Marcelo Barros, da sempre attivo nel campo dell’ecumenismo e del dialogo interreligioso, parlerà dell’enciclica Laudato Sì di papa Francesco come sfida globale e impegno locale, perché il grido della terra è il grido dei poveri.

“Penso che mai un documento pontificio abbia avuto una ripercussione così forte in tutto il Mondo, quello cristiano e quello non cristiano.
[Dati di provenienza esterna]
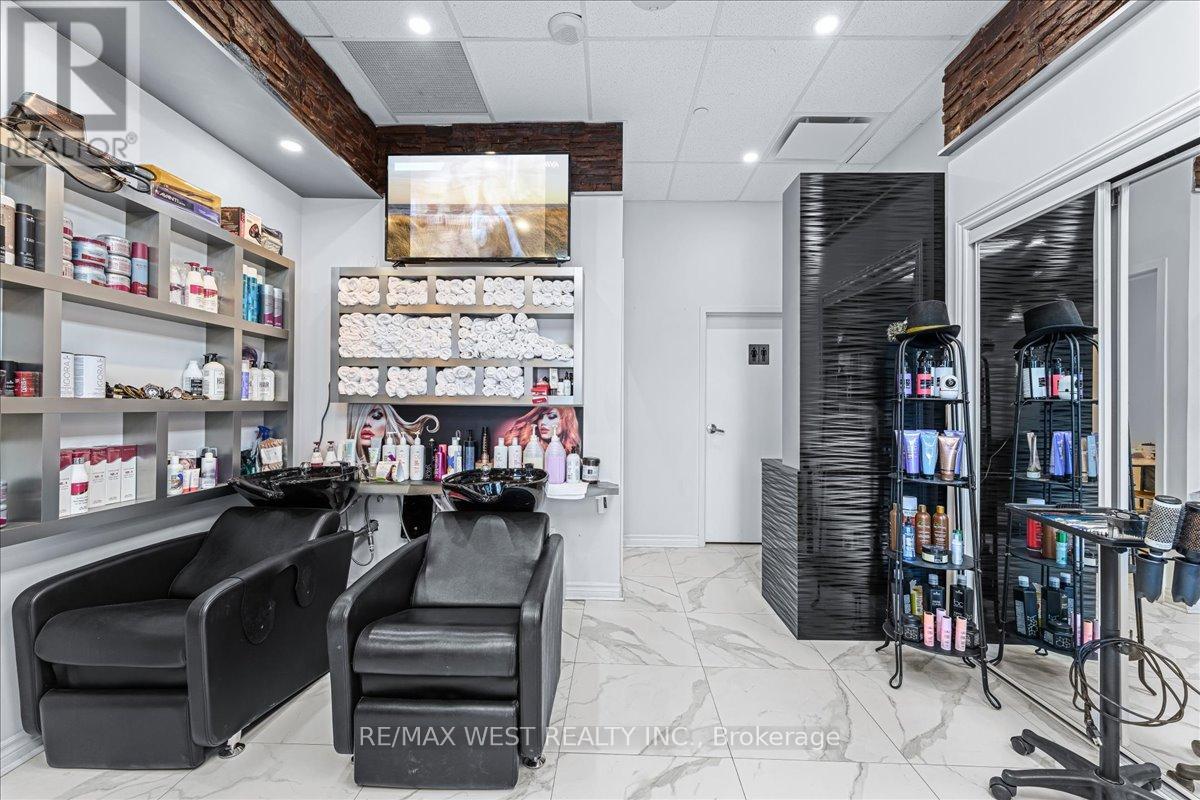 A8 - 9610 Yonge Street, Richmond Hill, Ontario  L4C 1V6 - Photo 7 - N12988302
Tutti si sono sentiti coinvolti in questa chiamata a un’alleanza tra umanità e ambiente, come dice il Papa, a camminare insieme per prendersi cura della vita, degli altri, di tutti gli esseri viventi” ha affermato Barros in un intervista rilasciata a Sarah Numico e pubblicata su Servizio di Informazione religiosa.

Marcelo Baros è stato tra i fondatori del Cebi (centro studi biblici), assessore della Commissione Pastorale Della Terra e delle Comunità ecclesiali di base, è inoltre assessore del movimento Semterra e segretario dell’ASETT (associazione ecumenica dei teologi del terzo mondo).

L’incontro di martedì 29 maggio è organizzato da: Acli, Gruppo Oscar Romero di Cremona e dal Forum delle Idee.